We have no positive knowledge of what the first condition of terrestrial matter was, apart from Revelation. The remarkable discoveries that the spectroscope has enabled, and the facts learned from the physical history of comets and meteorites, can do no more than make what is known as the "nebular hypothesis" highly probable. But it is amply sufficient for our purpose to point out, that if it is true that matter originated in a nebulous haze to the particles of which a spiral rotatory motion had been communicated, and if (confining our attention to one planet only) that attenuated matter gradually aggregated in a ring or rings, and then consolidated into a solid or partly solid globe, then the results are briefly, but adequately and sublimely, provided for by the form of the Mosaic statement.
Matter thus aggregating would have developed an enormous amount of heat, and there would have been a seething mass of molten mineral matters, with gases and other materials in the form of vapours, which would have gradually cooled and consolidated. Vast masses of water would in time be formed on one hand, and solid mineral masses on the other; the latter would contract as cooling progressed, causing great upheavals and depressions and contortions of strata. And before the advent of life-forms, it is not difficult to conceive that the first state of our globe was one which is intelligibly and very graphically described as being "without form and void." Nothing more than that, can, from actual physical knowledge, be stated.[[62]]
It is also stated that this confused elemental state of our earth was accompanied at first by darkness. Material darkness that is—for the potentiality of light and order was there; the SPIRIT OF GOD "moved" (or brooded) upon the face of the abyss. This presents no difficulty of interpretation, and may therefore be passed over for the present.
Practically, indeed, there has been no grave difficulty raised over this first portion. And if it is argued (on the ground of what I have already in general terms indicated) that the term "created" will, on my own interpretation, get us into difficulties, I reply that here, in its position and with the context, there is no room for doubt, for clearly the word implies both the great primary idea of the Divine design or plan formulated in heaven, and the subsequent result in time and space.[[63]] This will become more clear when I have further explained the subject.
II.—THE SECOND PART OF THE NARRATIVE.
But from this point the narrative commences to be more precise, and to exhibit a very singular and altogether unprecedented division of creative work into "days."
Now I have already indicated my doubt whether we ought to import any unusual meaning to explain this term.

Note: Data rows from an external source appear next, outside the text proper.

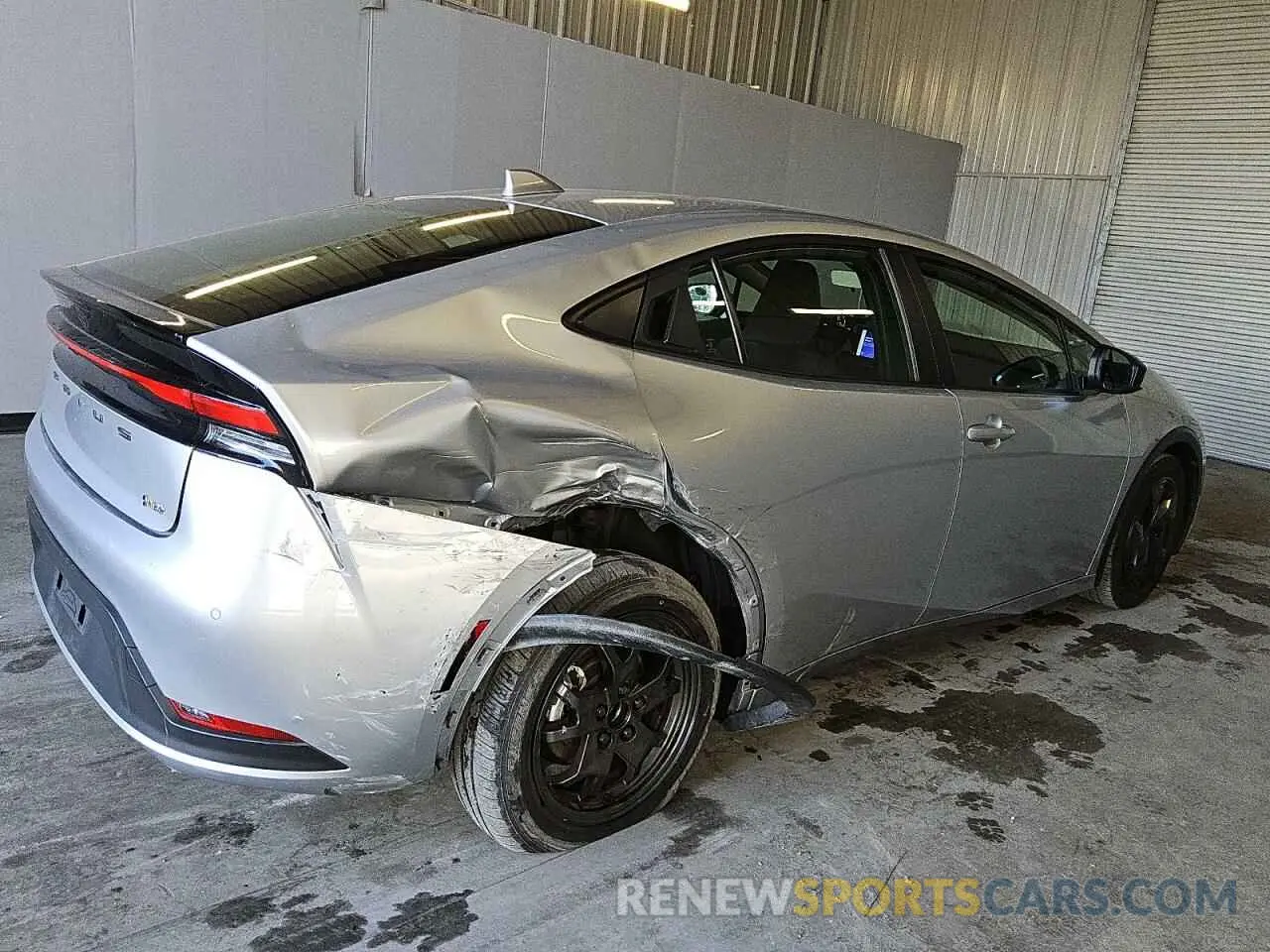 3 fotografías del automóvil dañado JTDACAAU1R3023897 TOYOTA PRIUS 2024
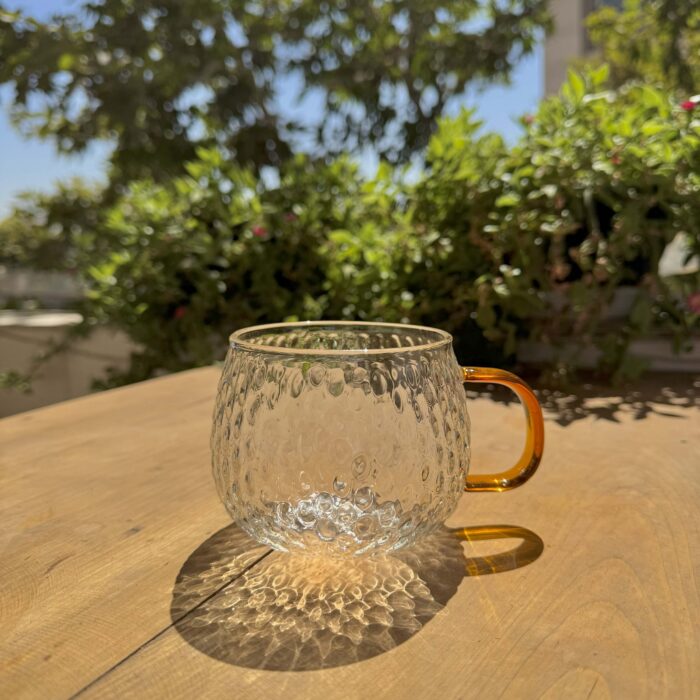 IMG_3641 copy لیوان پیرکس دسته قهوهای آنتی شوک - تصویر 1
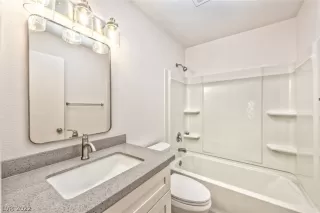 Photo #6: 2395139 Listing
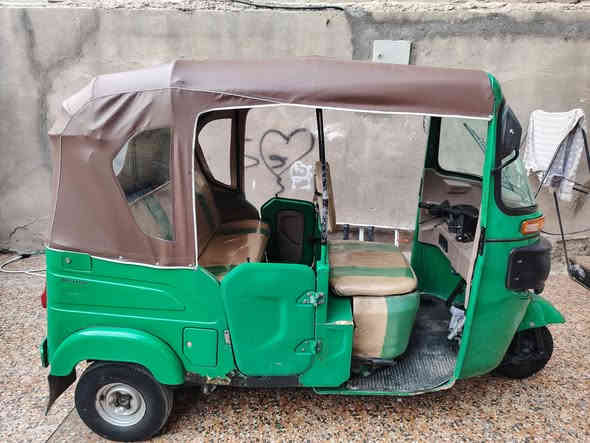 سلام عليكم تكتك للبيع 2022 رقم وسنويه مكينه مفتوح سعر 6 ملايين 400 رقم***********
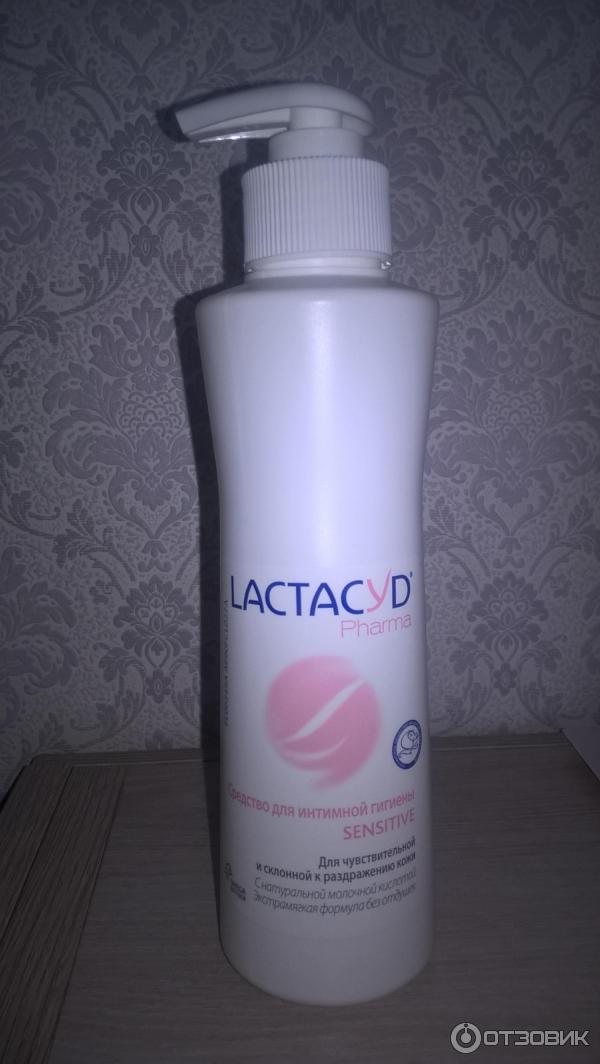 Гель для интимной гигиены Lactacyd Sensitive фото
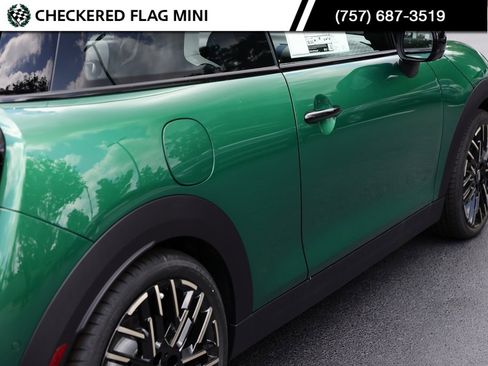 Used 2025 MINI Cooper S image 9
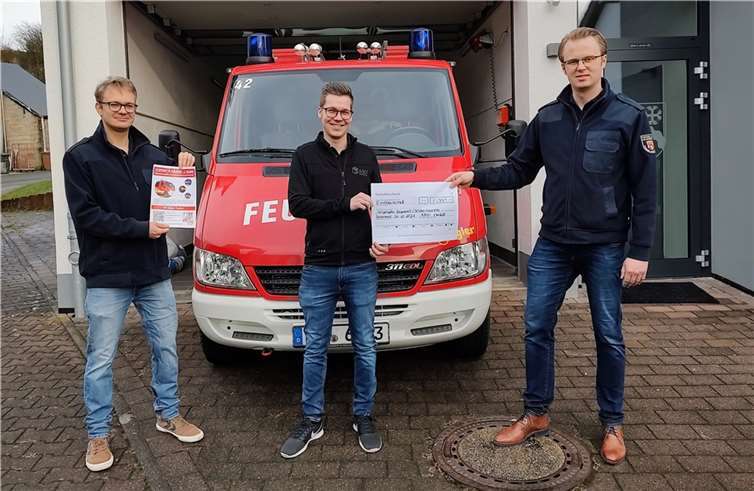 Freudige Überraschung zum Jahreswechsel V.li. Schriftführer Tobias Wegner, Geschäftsführer der AMP GmbH Andreas Gecks und Vorsitzender Christian Fein.Foto: privat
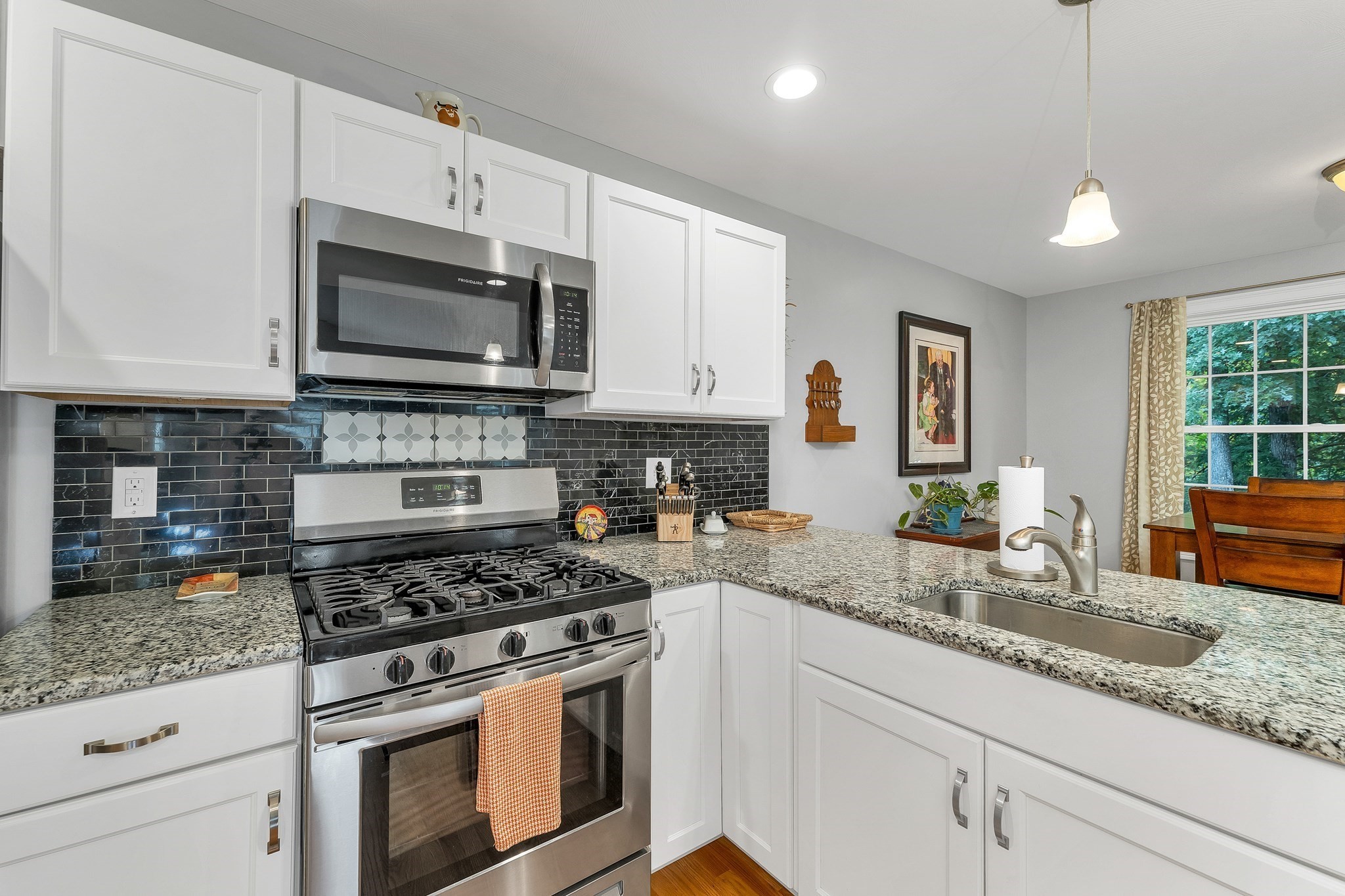 7 Benning St # A Property Photo 28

In the first place, the objection that till the movements and relations of the sun to the earth were ordained there would be no measure of a day> will not stand a moment's examination. Nor will the further objection sometimes made, that even with the sun, a day is a very uncertain thing: for example, a day and a night in the north polar regions are periods of month-long duration, quite different from what they are in England, or at Mount Sinai. Obviously, a "day" with reference to the planet for which the term is used, means the period occupied by one rotation of the planet on its own axis. The rotation of the earth is antecedent to anything mentioned in the narrative we are considering. In the nature of things, it would have been coeval with the introduction of the prima materies—at least if any nebular hypothesis can be relied on. The "day" would be there whether it were obscured by vapours or not, and whether specially made countable and recognizable by what we call the rising and setting of the sun, or not, and whether we were standing in Nova Zembla or in Australia.
Nor is it of much use to refer to the general use of "day" for indefinite periods, which is just as common in the English of to-day as it was in the Hebrew of the Old Testament. But the double use of the term in different senses has become general, just because it was found in practice that no confusion ordinarily resulted; and surely such a practice would not have been common, or at any rate would have been specially avoided in the sacred volume, wherever any mistake or confusion was likely or even possible.